## Work task
Exactly as they appear, copy the lines from the one holding "Lot 885 - A collection of glass paperweights" through the end of the records, leaving pictures out.

## Records for this task
----

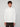 A young man with curly brown hair wears a white PROJEK RAW MENS CHENILLE MOCK NECK SWEATER and dark pants, standing against a plain light gray background, looking directly at the camera with a neutral expression.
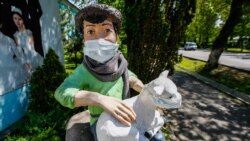 Скульптура мальчика с ягненком в медицинских масках в Алматы.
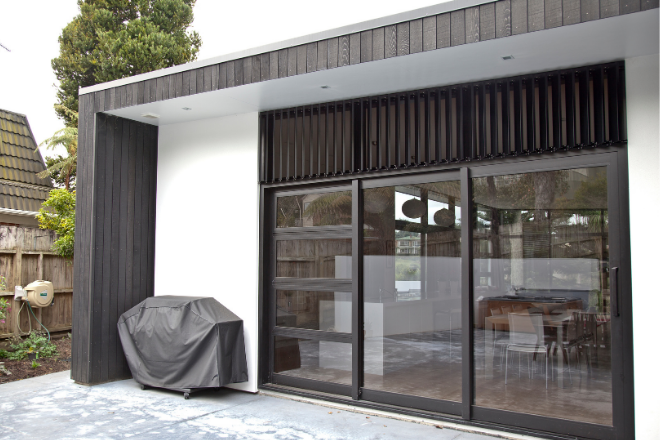 Residential home with fixed louvre blades Residential home with fixed louvre blades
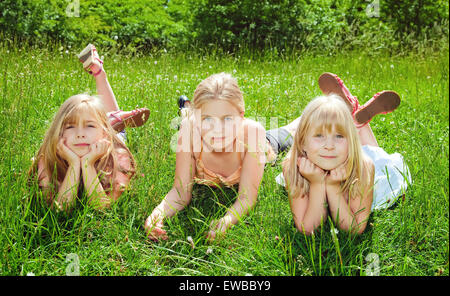 glückliche Kinder liegen auf dem grünen Rasen Stockfoto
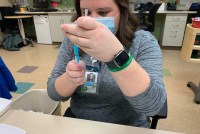 Beth Ann Wilmore checks a vaccine vial at her community health center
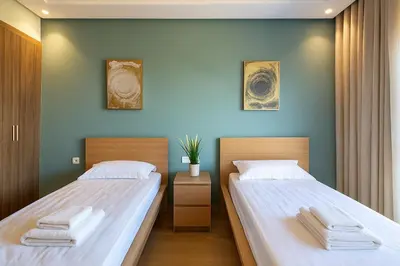 two beds sitting next to each other in a bedroom at Chic, bright, 2 BR apartment, panoramic view in Temara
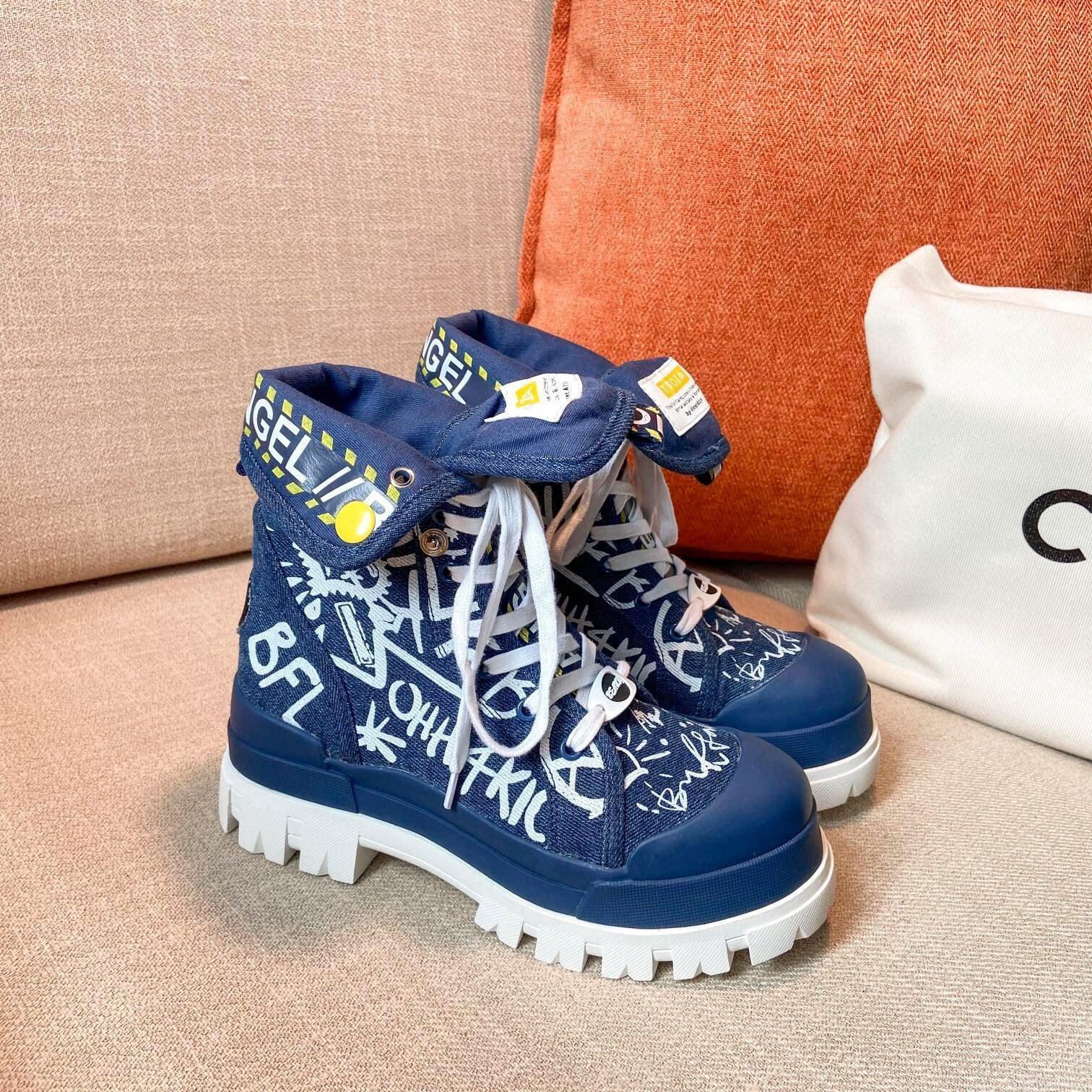 Blue canvas high-top sneakers with graffiti print, chunky white soles, and white laces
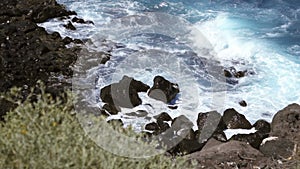 Water beating on the rocky shore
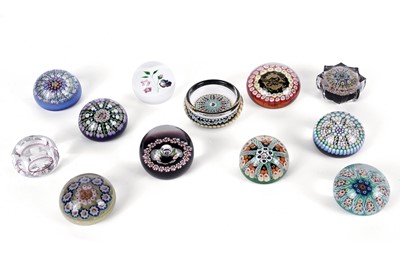 Lot 885 - A collection of glass paperweights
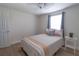 Bedroom with wood-look laminate flooring, closet, and ceiling fan at 5547 Garden Grove Cir, Winter Park, FL 32792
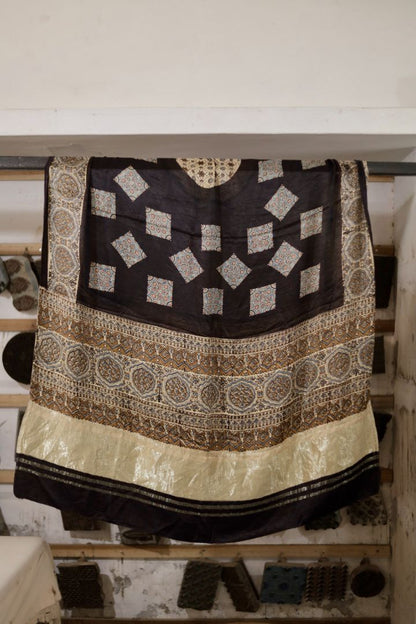 Natural black Ajrakh modal silk dupatta with Lagdi Patta featuring intricate block printed motifs and elegant drape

----

## Problem solution
 Lot 885 - A collection of glass paperweights
 Bedroom with wood-look laminate flooring, closet, and ceiling fan at 5547 Garden Grove Cir, Winter Park, FL 32792
 Natural black Ajrakh modal silk dupatta with Lagdi Patta featuring intricate block printed motifs and elegant drape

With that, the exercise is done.